Er brauche kein Theater, denn die Kirche sei sein Theater, wissen Zeitgenossen über den Lübecker Organisten Dietrich Buxtehude zu berichten. Glänzen-wollen ist seine Maxime. Die schlägt sich natürlich in seinen fantasievoll schweifenden, wie improvisatorisch wirkenden Orgelstücken nieder. Sie pendeln zwischen rezitativischen und fugierten Abschnitten, sind effektvoll gesetzt. Was man sehr treffend als Stylus phantasticus bezeichnet, der sich auch im Präludium C-Dur und in der Toccata d-Moll widerfindet, die Martina Kürschner zu Beginn spielt. Kaleidoskopartig wechselt, was frisch und sehr diesseitig angestimmt wird. Sie zieht klarzeichnende Register, setzt auf strahlenden Glanz. Im Gegensatz dazu steht Buxtehudes Choralbearbeitung „Nun bitten wir den Heiligen Geist“: gedämpft und still singt er sich sanftweich aus.

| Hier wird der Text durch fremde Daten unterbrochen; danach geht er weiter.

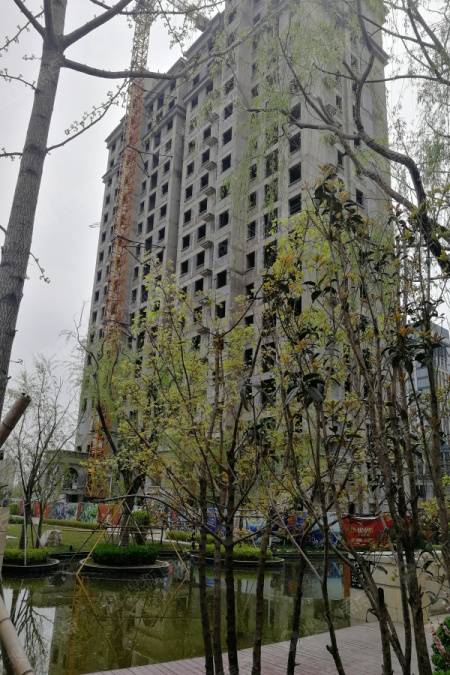 华安东方名郡实景图_华安东方名郡环境怎么样-潍坊搜狐焦点网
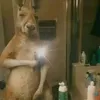 el.macaco00
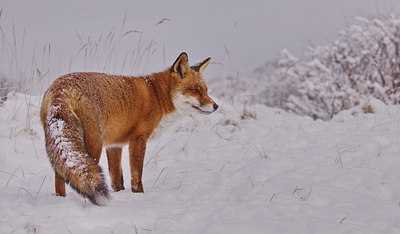 BUITEN BEELD Foto: 108112
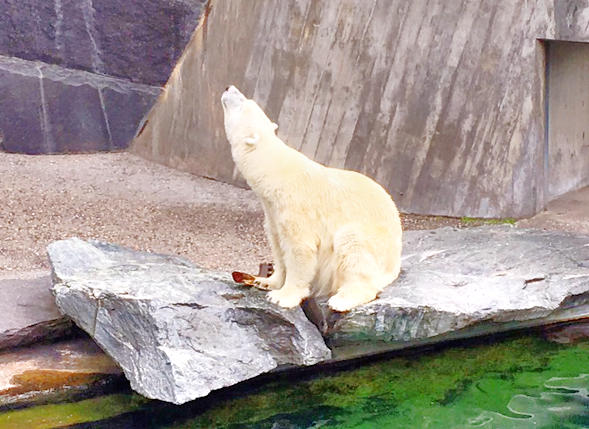 Eisbär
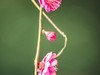 梅花（2）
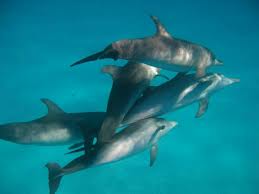 Santuario de Ballenas y Delfines fue aprobado en Diputados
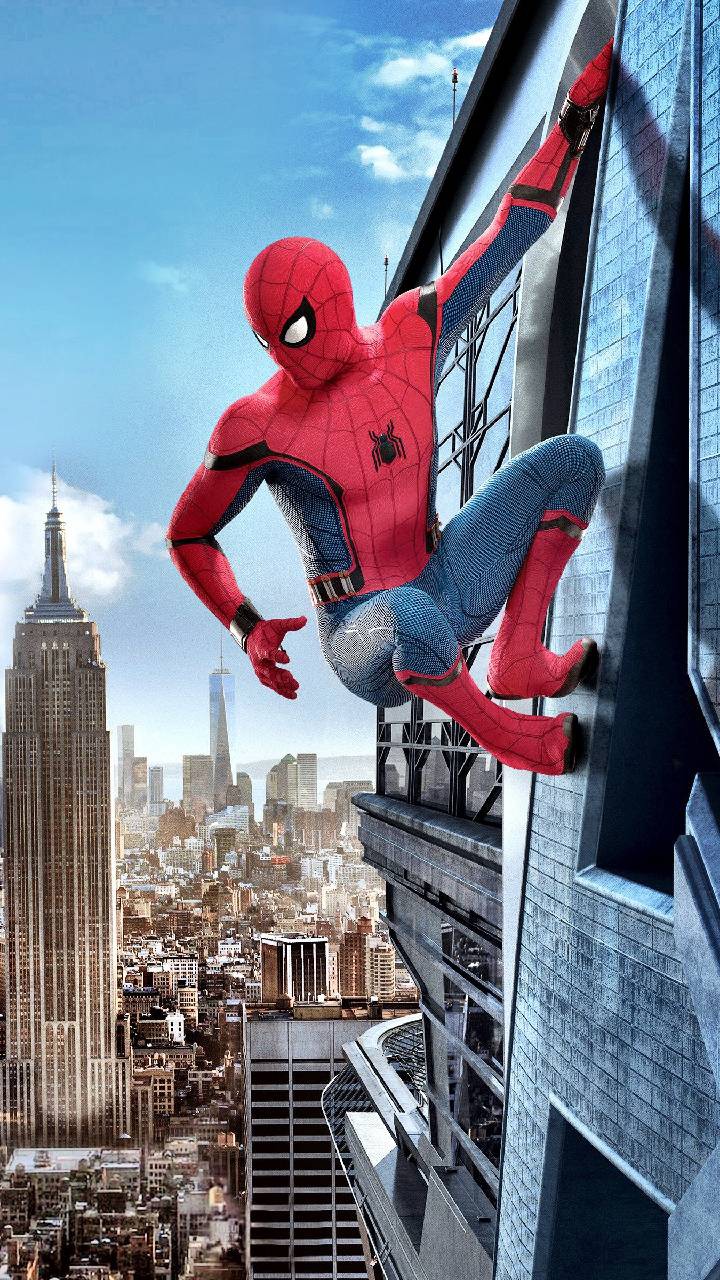 他们在相爱 推荐视频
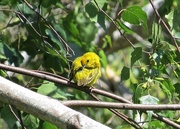 23rd Jun 2015 - Yellow Warbler at Viles Arboretum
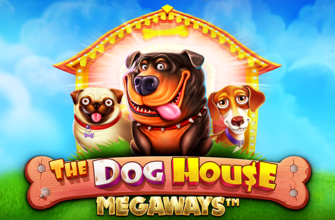 The Dog House Megaways 거대한 당첨금과 보너스를 갖춘 슬롯 완전 분석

Ihren staunen machenden Klangsinn, ihr Gespür für Kontrastdramaturgie, für Formenstrenge und Ausgewogenheit zwischen Pedal und Manualen stellt sie auch in zwei Beiträgen aus Bach’scher Feder eindrücklich unter Beweis. In den c-Moll-Fantasien BWV 562 und 537 mit ihren eher streng und introvertiert tönenden Klangwelten entdeckt sie einen nachdenklichen und zurückhaltenden Tonsetzer. Abgeklärte Ruhe und die Wahl weicher Zungenstimmen zeichnet ihre Lesart des Orgelchorals „Liebster Jesu, wir sind hier“ BWV 731 aus. Vom Wechselspiel auf zwei Manualen lebt das Voluntary G-Dur von Henry Purcell, ein freies Instrumentalstück von nahezu zerbrechlicher Wirkung. Die auch von den zierlichen, schwebend leicht ertönenden Toccaten settima und seconda des Girolamo Frescobaldi ausgehen. Für das einleitende Grave von Mendelssohns c-Moll-Sonate op. 65/2 findet sie einen leicht verhangenen Tonfall, für das nachfolgende Adagio wählt sie ziemlich überraschende Soloregister zwischen schnarrend und grell, um dann das Allegro glanzvoll im vollen Orgelwerk aufrauschen zu lassen. Für’s festliche Finale sorgt eine hell klingende und tempozügig gespielte Fuge.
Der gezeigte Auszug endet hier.